* What you have to do:
Begin at the line that has "Good morning. My", stop after the line that has "STM32U3 MCUs are", and print exactly those lines from the records below, without any pictures.
[[ Data to process, beginning ]]
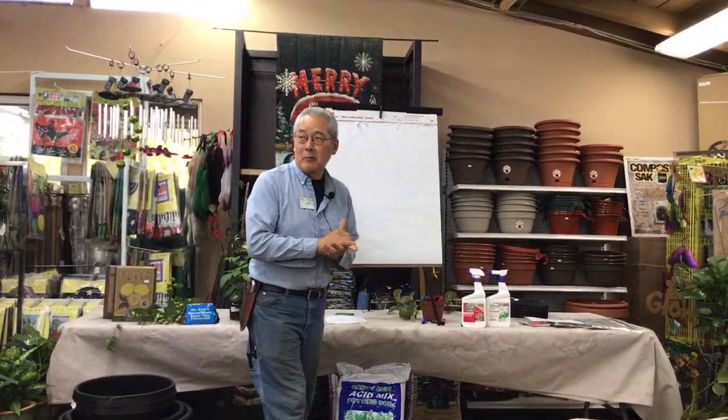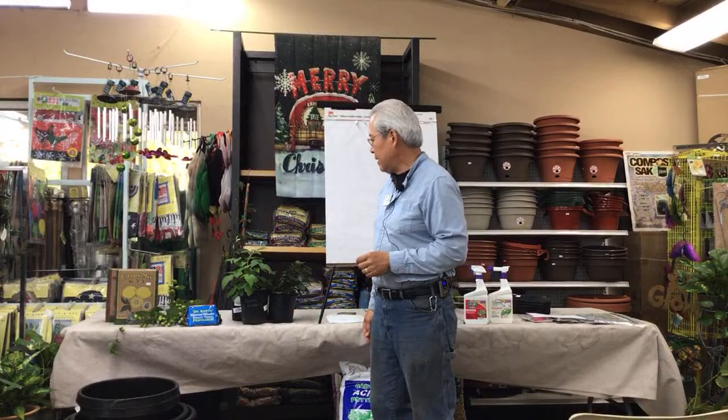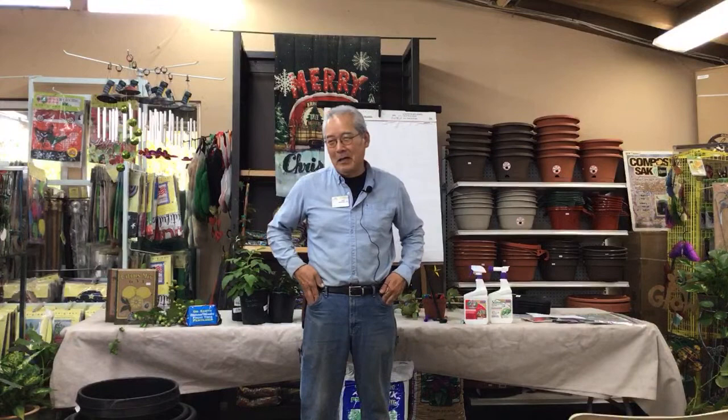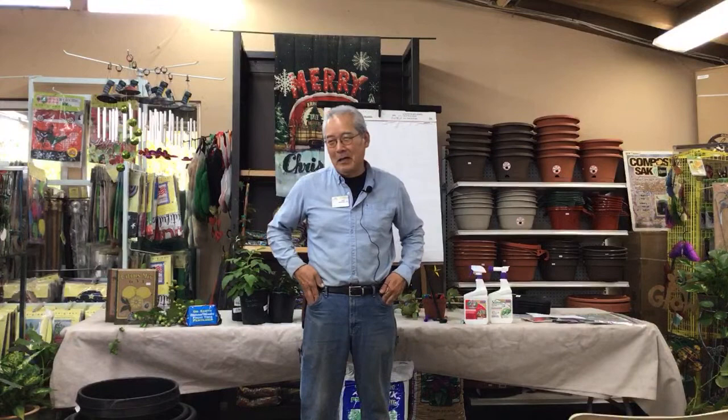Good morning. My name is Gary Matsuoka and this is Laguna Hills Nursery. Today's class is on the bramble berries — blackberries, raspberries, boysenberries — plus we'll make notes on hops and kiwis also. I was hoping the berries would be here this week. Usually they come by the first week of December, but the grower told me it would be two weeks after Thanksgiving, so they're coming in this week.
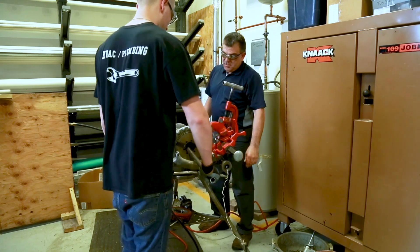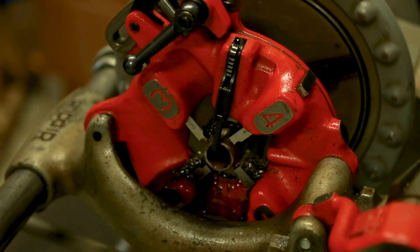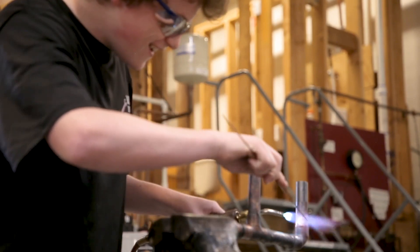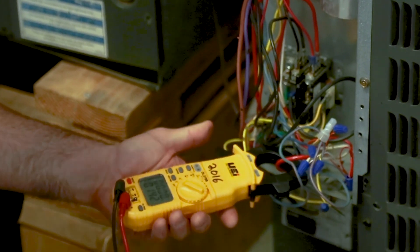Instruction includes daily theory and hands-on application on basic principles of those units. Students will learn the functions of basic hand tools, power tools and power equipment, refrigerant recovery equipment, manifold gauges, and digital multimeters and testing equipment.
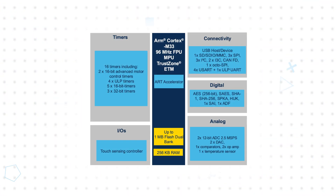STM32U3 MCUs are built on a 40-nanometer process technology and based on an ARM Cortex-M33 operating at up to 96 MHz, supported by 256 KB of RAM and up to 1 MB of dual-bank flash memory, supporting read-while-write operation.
[[ Data to process, end ]]
[[ Data to process, beginning ]]
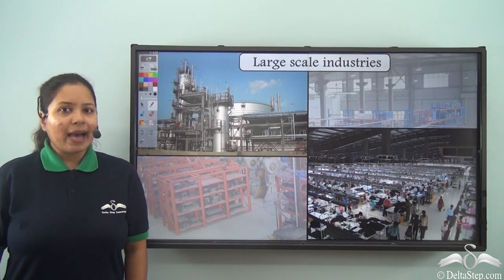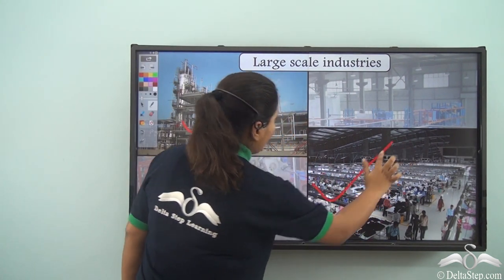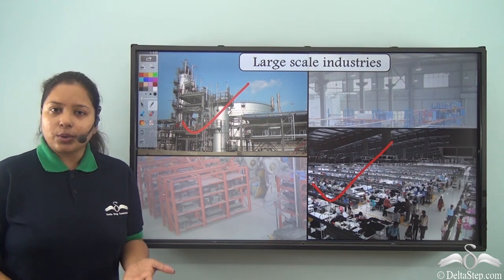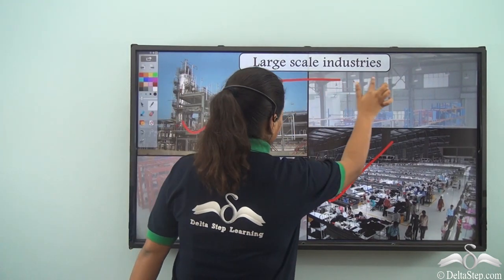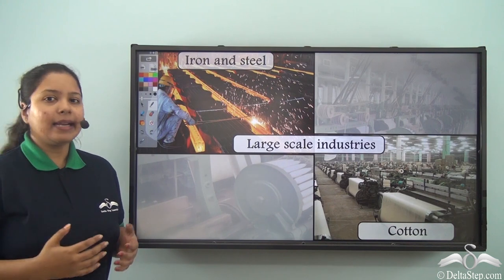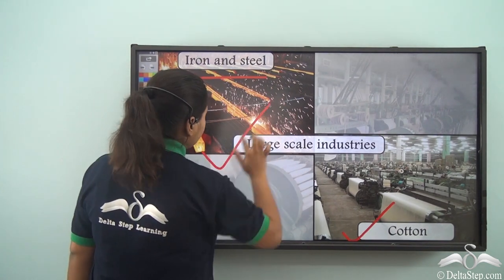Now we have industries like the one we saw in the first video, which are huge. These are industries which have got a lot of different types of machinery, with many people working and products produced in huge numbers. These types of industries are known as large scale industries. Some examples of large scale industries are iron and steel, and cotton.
[[ Data to process, end ]]
* Response below:
Good morning. My name is Gary Matsuoka and this is Laguna Hills Nursery. Today's class is on the bramble berries — blackberries, raspberries, boysenberries — plus we'll make notes on hops and kiwis also. I was hoping the berries would be here this week. Usually they come by the first week of December, but the grower told me it would be two weeks after Thanksgiving, so they're coming in this week.
Instruction includes daily theory and hands-on application on basic principles of those units. Students will learn the functions of basic hand tools, power tools and power equipment, refrigerant recovery equipment, manifold gauges, and digital multimeters and testing equipment.
STM32U3 MCUs are built on a 40-nanometer process technology and based on an ARM Cortex-M33 operating at up to 96 MHz, supported by 256 KB of RAM and up to 1 MB of dual-bank flash memory, supporting read-while-write operation.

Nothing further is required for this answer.